• **Work to complete**:
Exact copy, no pictures: return only the lines below from the line with "Skąpo ubrana Edyta" up to and including the line with "Floral Print A-Line/Princess".

• **Supplied information**:
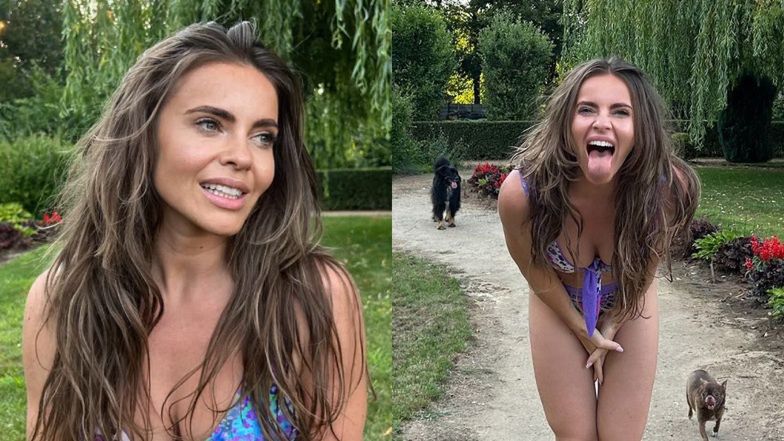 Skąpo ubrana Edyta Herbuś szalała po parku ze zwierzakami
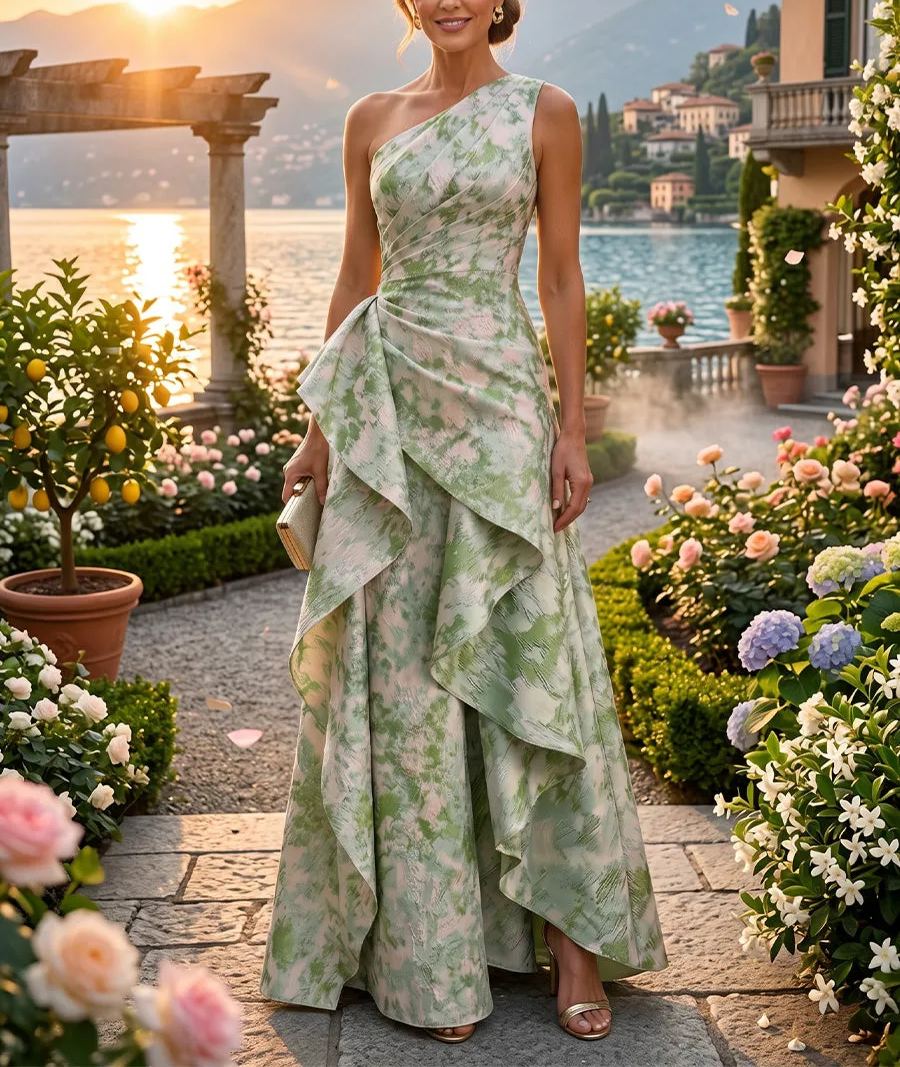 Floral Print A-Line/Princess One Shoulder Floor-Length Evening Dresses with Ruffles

==

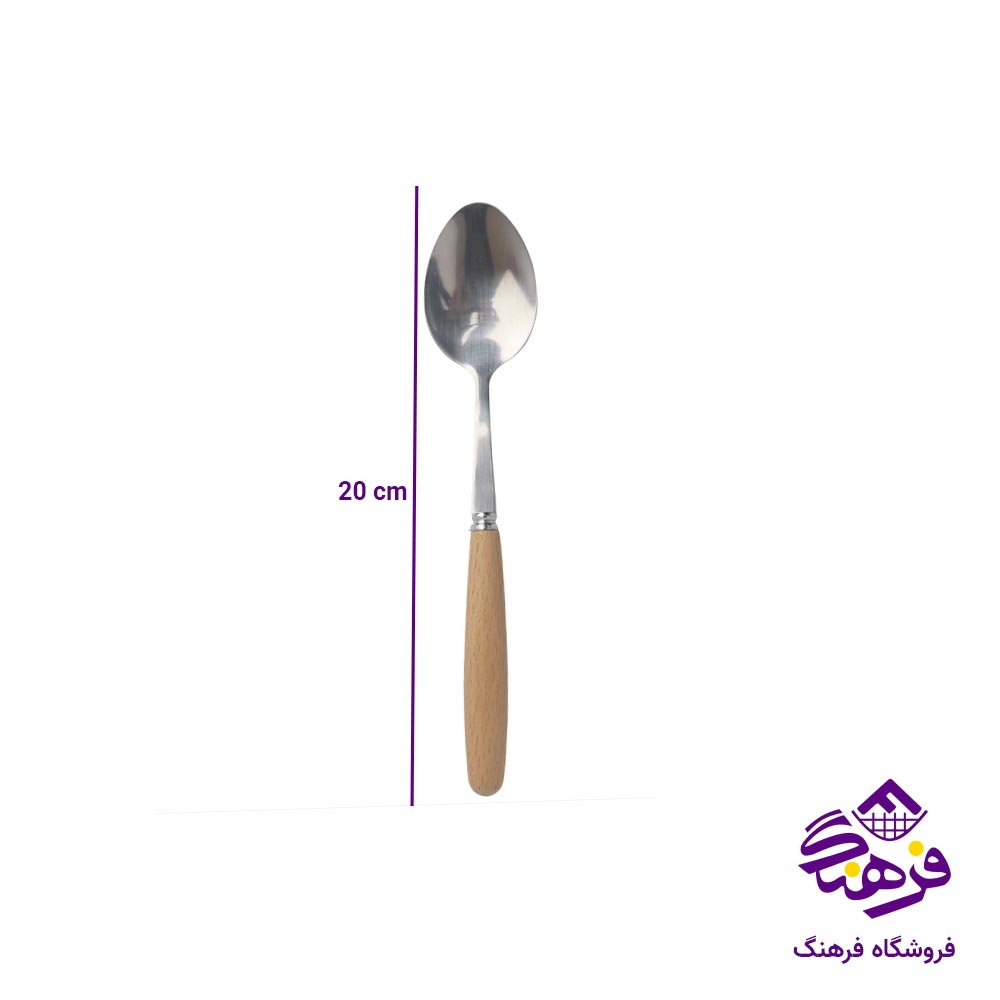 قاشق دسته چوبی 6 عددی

• **Answer section**:
 Skąpo ubrana Edyta Herbuś szalała po parku ze zwierzakami
 Floral Print A-Line/Princess One Shoulder Floor-Length Evening Dresses with Ruffles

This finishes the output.